Mostly this is working completely fine, but I'm seeing regular situations where I start a connection to a peripheral and go back to the main loop, which can run away happily for several minutes without any sign that the connection has gone anywhere. If I interrupt execution and return to the prompt I'll then see a PERIPHERAL_CONNECT
, subsequent PERIPHERAL_DISCONNECT
and maybe a few other BLE events depending on what else was going on – like a CENTRAL_CONNECT
and CENTRAL_DISCONNECT
from another one of my units trying to query this one.
I've seen some worrying delays occasionally in central connections and GATT write/notify operations, but nothing of the same magnitude as these peripheral connections that just disappear completely.
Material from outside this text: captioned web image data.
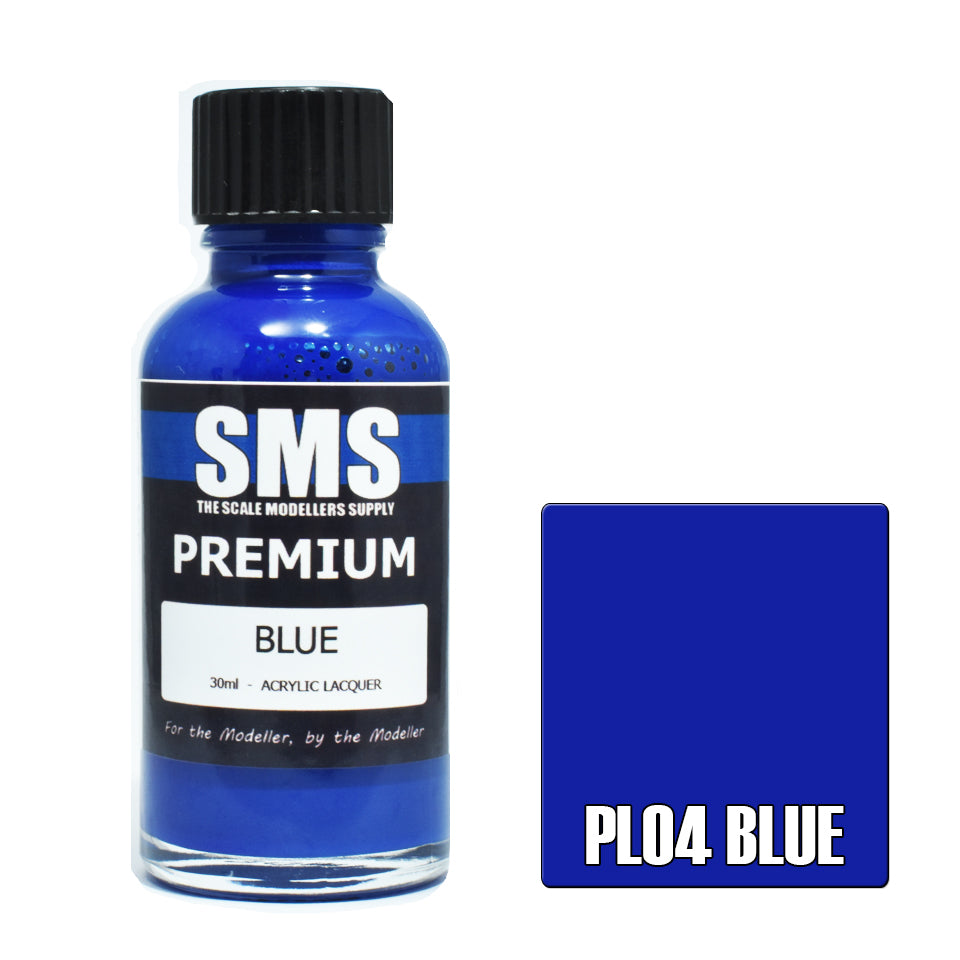 Airbrush Paint 30Ml Premium Blue Acrylic Lacquer Scale Modellers Supply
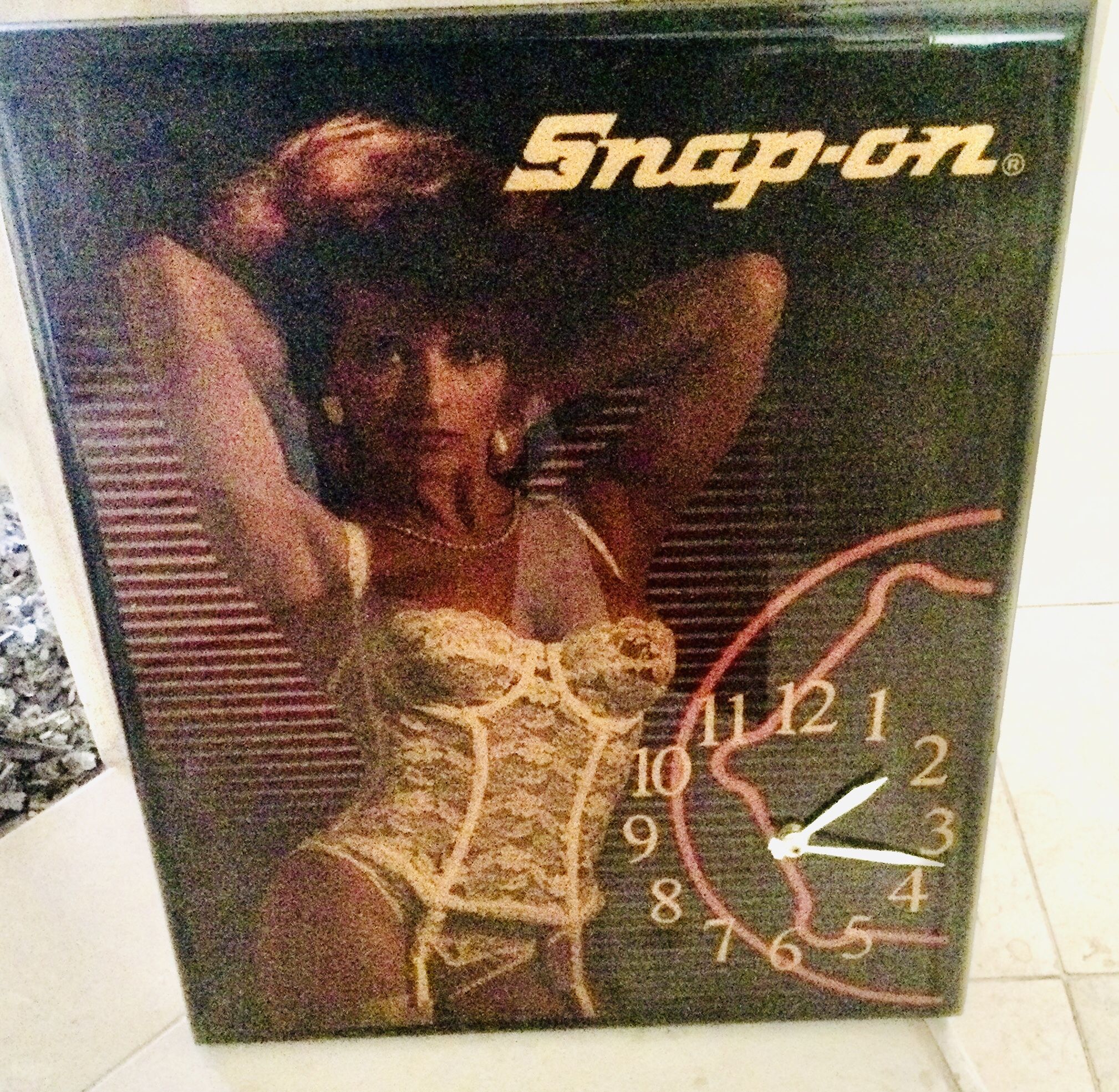 Vintage-Snap-On-Tool-Clock-Billy-Lace-Lock-City-Craftsman-New-With- Box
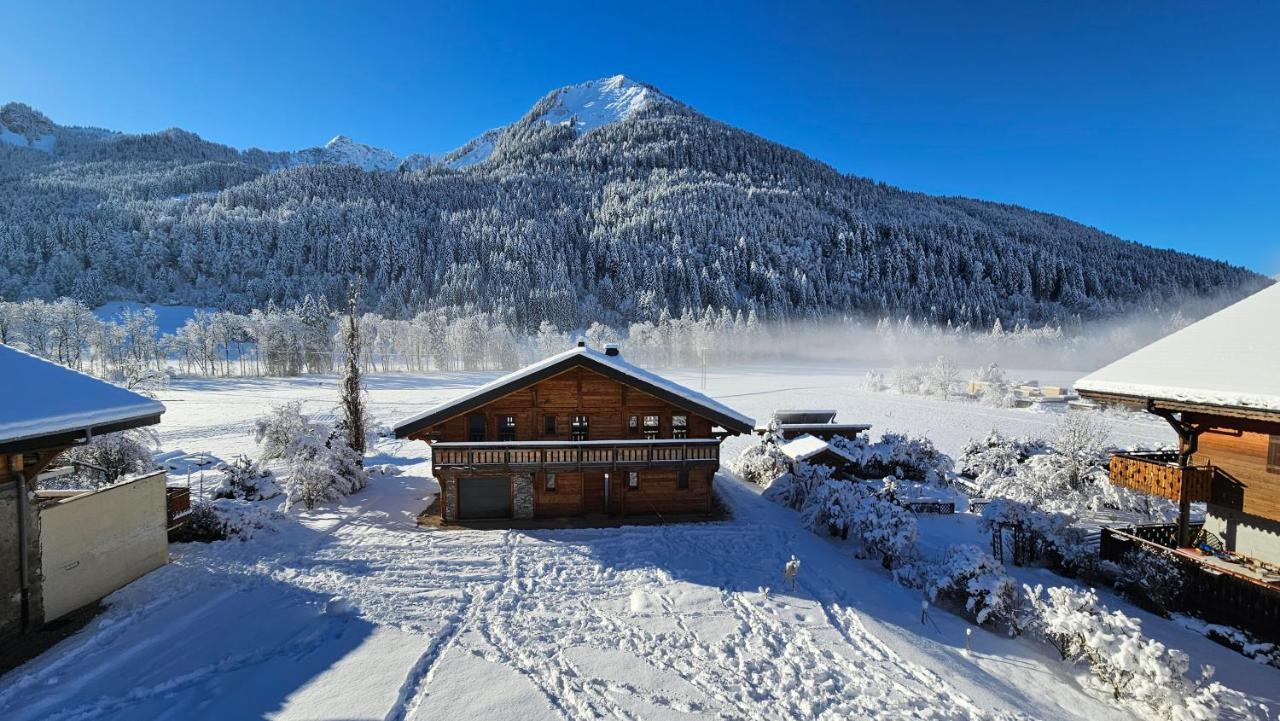 Demi-Chalet Vadel La Panthiaz 15 Pers 5 Chambres La Chapelle-d'Abondance Exterior foto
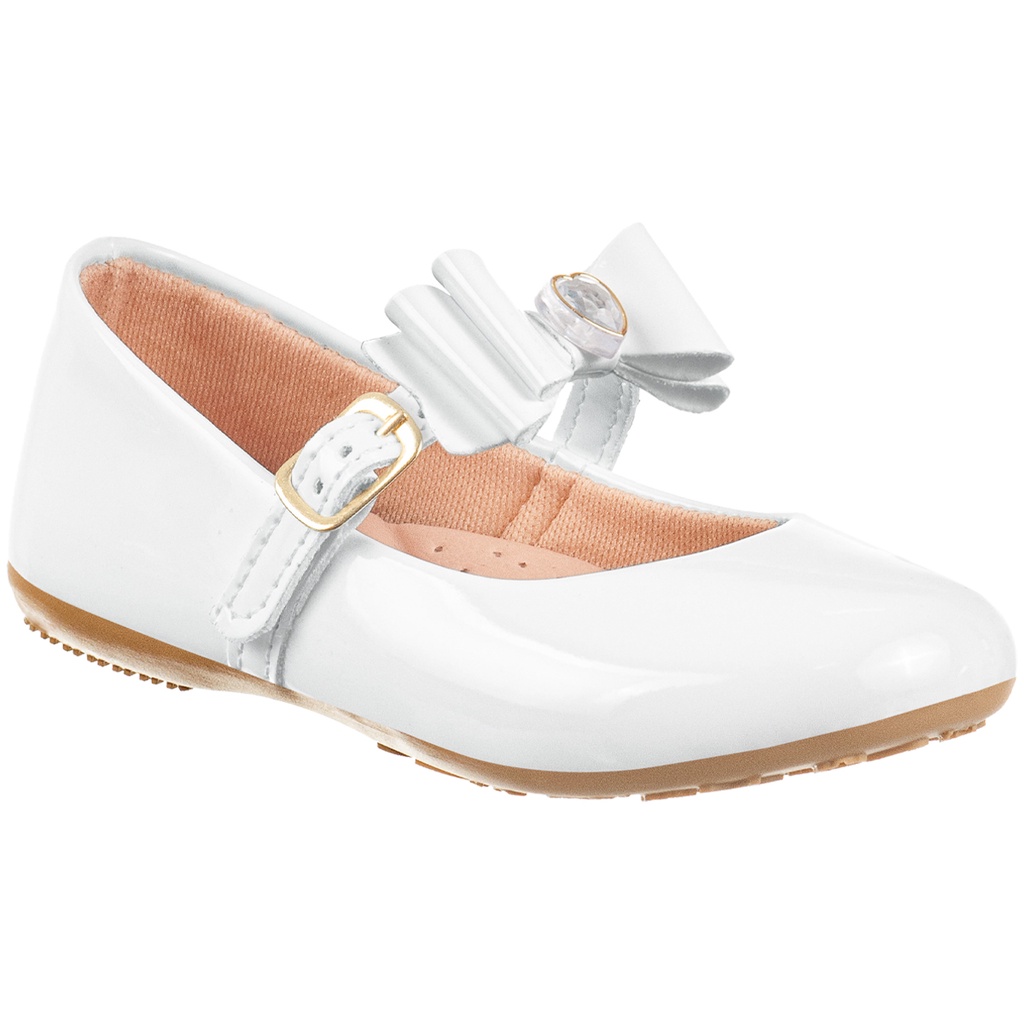 Sapatilha Infantil Sapato Laço Brilho Pérola Coração Leve Boneca Bebê Salomé Menina Rasteira Confortável Macio Daminha em Oferta na Shopee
With some additional debug prints, I'm certain that the error is my BLE.irq()
registered method not being called rather than any problem with the transfer of events from callback land to async world. I previously used a more complicated mechanism for doing this using a custom IRQ-safe stream reader / ioctl, but I was seeing the same errors there and so I went with the simpler approach.
Trawling through the code, the only way I can see that this could be occurring is if the scheduler has stopped processing pending callbacks – which seems unlikely since calls to mp_handle_pending()
seem to be everywhere in the MicroPython code – or the Nimble stack has stopped reporting them. The fact that the events appear immediately on interrupting my code is super-suspicious however.
Next step is that I'm going to put something in to keep scheduling a dummy callback so that I can see if the scheduler is doing its work.
I'm running my code against a fairly recent mainline build with only the addition of a peripheral connection cancellation method (as per PR #6584), which I added when I thought that the problem was network timeouts.